=== Begin Enclosure ===

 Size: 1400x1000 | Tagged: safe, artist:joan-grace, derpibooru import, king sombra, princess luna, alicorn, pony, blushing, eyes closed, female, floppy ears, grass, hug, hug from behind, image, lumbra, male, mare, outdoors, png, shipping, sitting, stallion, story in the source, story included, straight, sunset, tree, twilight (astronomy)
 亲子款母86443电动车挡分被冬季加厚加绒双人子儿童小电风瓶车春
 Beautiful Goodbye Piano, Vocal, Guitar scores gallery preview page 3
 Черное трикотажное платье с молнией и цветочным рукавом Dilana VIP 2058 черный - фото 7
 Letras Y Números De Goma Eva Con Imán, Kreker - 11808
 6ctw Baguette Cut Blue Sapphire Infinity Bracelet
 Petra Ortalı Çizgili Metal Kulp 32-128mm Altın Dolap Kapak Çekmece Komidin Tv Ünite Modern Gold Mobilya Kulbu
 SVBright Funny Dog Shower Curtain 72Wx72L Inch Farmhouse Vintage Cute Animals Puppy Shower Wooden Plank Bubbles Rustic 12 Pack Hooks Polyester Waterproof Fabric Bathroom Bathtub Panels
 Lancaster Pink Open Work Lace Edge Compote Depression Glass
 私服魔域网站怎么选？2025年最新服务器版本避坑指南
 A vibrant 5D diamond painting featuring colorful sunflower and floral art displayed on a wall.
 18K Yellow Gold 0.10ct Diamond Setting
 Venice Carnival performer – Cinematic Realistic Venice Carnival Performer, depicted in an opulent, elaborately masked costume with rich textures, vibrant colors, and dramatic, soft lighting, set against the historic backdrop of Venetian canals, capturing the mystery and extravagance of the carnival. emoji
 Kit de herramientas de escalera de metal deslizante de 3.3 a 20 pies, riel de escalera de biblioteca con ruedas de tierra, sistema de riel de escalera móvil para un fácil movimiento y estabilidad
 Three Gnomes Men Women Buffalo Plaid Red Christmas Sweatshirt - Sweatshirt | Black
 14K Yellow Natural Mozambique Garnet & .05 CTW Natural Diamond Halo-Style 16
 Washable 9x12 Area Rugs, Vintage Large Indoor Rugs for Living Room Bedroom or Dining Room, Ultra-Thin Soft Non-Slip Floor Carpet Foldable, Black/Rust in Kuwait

=== End Enclosure ===

What you need to do: The string "Gold" shows up in some lines of the listing. Copy each such line.

Exercise response:
 Petra Ortalı Çizgili Metal Kulp 32-128mm Altın Dolap Kapak Çekmece Komidin Tv Ünite Modern Gold Mobilya Kulbu
 18K Yellow Gold 0.10ct Diamond Setting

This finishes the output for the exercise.